Of course there are already plans for site-specific works by some high-profile contemporary artists. First and foremost is Rachel Feinstein, whose giant mural painted on mirror will grace a marble wall of the front entrance. A smaller scale version of Feinstein’s mural was on view at the new building’s sales gallery (on the 15th floor of the Seagram building).

Rosen told artnet News that the smaller-scale model of the Feinstein mural was intended to give an idea of how the final work will be situated. “We love her New York upbringing. We love her way, how she paints on mirror. Basically you walk in and out of the building and you see yourself but you see yourself within a skyline or a fantasy world that she creates.”

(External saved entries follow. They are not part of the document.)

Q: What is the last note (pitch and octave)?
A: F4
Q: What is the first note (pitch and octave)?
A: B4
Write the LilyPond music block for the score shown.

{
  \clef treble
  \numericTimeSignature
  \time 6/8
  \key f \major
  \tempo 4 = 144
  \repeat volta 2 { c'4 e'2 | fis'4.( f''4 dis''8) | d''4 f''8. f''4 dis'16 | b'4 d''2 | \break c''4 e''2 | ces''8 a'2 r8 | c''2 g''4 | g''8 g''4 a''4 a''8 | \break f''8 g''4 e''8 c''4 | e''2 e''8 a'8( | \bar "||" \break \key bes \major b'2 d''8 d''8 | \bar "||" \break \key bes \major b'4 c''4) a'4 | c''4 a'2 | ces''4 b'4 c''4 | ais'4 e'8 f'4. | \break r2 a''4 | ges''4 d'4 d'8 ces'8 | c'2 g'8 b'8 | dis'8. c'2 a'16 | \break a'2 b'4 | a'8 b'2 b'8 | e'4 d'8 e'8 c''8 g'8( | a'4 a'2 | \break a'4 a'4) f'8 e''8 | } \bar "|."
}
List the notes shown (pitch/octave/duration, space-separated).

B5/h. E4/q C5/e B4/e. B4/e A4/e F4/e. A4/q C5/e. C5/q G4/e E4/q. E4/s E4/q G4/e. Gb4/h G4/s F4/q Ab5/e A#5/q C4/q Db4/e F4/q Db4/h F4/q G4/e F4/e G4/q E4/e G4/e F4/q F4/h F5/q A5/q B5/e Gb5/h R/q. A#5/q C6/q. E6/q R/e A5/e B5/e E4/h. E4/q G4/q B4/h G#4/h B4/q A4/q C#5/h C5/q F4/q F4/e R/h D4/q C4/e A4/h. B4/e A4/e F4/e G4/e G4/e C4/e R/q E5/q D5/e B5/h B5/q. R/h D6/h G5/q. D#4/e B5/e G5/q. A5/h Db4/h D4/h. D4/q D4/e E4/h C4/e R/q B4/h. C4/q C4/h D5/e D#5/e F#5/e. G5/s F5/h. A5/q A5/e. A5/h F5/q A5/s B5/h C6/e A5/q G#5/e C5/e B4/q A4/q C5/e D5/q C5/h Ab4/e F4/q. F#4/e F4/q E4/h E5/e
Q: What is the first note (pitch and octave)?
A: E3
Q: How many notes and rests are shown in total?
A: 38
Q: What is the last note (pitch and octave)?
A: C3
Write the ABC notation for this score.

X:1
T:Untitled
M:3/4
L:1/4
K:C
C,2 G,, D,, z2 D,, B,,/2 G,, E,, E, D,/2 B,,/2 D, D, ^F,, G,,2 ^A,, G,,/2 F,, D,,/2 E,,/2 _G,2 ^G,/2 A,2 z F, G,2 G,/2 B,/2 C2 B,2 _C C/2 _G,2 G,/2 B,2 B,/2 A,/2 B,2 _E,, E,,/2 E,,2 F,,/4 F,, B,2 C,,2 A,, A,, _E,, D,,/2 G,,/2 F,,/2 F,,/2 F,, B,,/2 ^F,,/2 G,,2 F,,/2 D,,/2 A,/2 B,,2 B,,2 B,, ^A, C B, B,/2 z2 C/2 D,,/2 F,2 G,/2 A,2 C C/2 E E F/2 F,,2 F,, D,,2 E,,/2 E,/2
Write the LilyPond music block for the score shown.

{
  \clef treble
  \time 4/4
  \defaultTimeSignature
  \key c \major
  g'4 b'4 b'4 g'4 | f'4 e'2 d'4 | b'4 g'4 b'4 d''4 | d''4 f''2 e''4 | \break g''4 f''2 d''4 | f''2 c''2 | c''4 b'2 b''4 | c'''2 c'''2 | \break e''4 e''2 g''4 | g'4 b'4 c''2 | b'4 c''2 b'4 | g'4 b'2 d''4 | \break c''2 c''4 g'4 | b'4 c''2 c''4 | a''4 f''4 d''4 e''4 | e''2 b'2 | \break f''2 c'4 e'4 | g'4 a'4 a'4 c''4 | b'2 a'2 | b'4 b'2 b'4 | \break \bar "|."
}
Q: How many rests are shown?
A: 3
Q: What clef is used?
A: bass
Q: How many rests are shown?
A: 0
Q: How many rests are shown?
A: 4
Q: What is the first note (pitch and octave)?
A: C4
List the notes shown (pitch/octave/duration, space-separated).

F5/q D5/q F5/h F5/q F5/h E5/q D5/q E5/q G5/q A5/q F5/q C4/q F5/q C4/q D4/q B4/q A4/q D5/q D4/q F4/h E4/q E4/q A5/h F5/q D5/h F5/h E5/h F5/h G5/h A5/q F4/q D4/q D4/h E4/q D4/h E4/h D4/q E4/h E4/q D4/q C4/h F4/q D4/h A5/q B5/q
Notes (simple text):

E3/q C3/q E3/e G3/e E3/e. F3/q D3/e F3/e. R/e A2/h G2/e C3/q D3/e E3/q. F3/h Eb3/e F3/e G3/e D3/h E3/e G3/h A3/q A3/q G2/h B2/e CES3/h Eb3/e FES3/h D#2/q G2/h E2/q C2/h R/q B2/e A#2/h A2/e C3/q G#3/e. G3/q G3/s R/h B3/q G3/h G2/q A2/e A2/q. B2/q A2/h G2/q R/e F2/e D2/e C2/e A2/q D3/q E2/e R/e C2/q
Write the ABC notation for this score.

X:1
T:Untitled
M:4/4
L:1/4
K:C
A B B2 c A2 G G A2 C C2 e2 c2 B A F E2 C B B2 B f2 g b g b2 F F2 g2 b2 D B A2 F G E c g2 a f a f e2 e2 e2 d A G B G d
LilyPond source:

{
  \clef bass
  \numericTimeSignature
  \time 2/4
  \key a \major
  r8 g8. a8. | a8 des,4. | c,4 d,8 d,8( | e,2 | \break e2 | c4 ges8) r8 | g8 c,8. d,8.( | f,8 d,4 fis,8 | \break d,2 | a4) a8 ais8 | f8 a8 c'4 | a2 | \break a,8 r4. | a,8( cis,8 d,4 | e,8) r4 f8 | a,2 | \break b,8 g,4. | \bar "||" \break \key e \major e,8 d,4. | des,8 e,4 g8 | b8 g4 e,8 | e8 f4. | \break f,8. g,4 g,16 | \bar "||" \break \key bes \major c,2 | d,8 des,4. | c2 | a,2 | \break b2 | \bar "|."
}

There are plans for two other, relatively smaller commissions from New York artists, but these are yet to be finalized. We also saw eye-catching works by Jean-Michel Basquiat, Andy Warhol, and Cy Twombly hanging on the walls of the sales gallery. “This is a little bit different,” Rosen added, on the subject of the art for the new luxury building. “It’s not like we’re curating and changing it all the time. When it’s a condo project like this, you’re going to set it in place and you want to let it mature. That’s how the art becomes part of the building.”

Budi Tek.
Photo: Courtesy of LeapLeapLeap.

8. Budi Tek
Chinese-Indonesian collector, entrepreneur and philanthropist Budi Tek’s Yuz Museum in West Bund—part of Shanghai’s Xuhui District—once served as the hangar of Longhua Airport. This year the museum hosted “Myth/History II: Shanghai Galaxy,” the second of a series organized by the museum’s curator Wu Hung, the founder and director of the Center for the Art of East Asia at the University of Chicago. This iteration of the show featured work by Maurizio Cattelan, Liang Shaoji, Zhang Enli, and Zhang Jianjun.

This past summer, artnet News sat down with Tek in New York as he enthusiastically discussed future plans—emphasizing that he didn’t want to recount how he got started or what he bought early on. He was looking forward to showing off a major new acquisition, the now famous Rain Room by Random International, “a large-scale environment of perpetually falling water that ceases to pour wherever a person walks.” It went on view at Yuz this past September and remains there until March of next year.

Tek also discussed his project known as “Budi Desa,” meaning “Budi Village,” in Bali, Indonesia. He explained that land must be bought piecemeal in Indonesia, so he has slowly been acquiring parcels to create his art-filled village for roughly the past two decades. Tek says when the Rain Room eventually goes there, on permanent view, it will be “Rain Room in the Rain Forest.”

Jorge Perez
Photo by Nick Garcia Photography

9. Jorge Pérez
In 2013, when the Miami Art Museum moved to its sweeping 200,000-square-foot facility designed by Herzog & de Meuron that overlooks Biscayne Bay, it was renamed the Jorge M. Pérez Art Museum.

Most of Pérez’s collection—comprised of works by modern artists from Latin America—was donated. More recently, he has shifted his focus to  contemporary art from Latin America and Spain. In addition, the collection includes a selection of holdings by American artists including Frank Stella, Kenneth Noland, Sol Lewitt, Alex Katz, Elizabeth Murray, Barbara Kasten, and John Chamberlain.

As founder and chairman of the Related Group,  Perez also oversees the company’s corporate collection and commission program for all of its international real estate developments.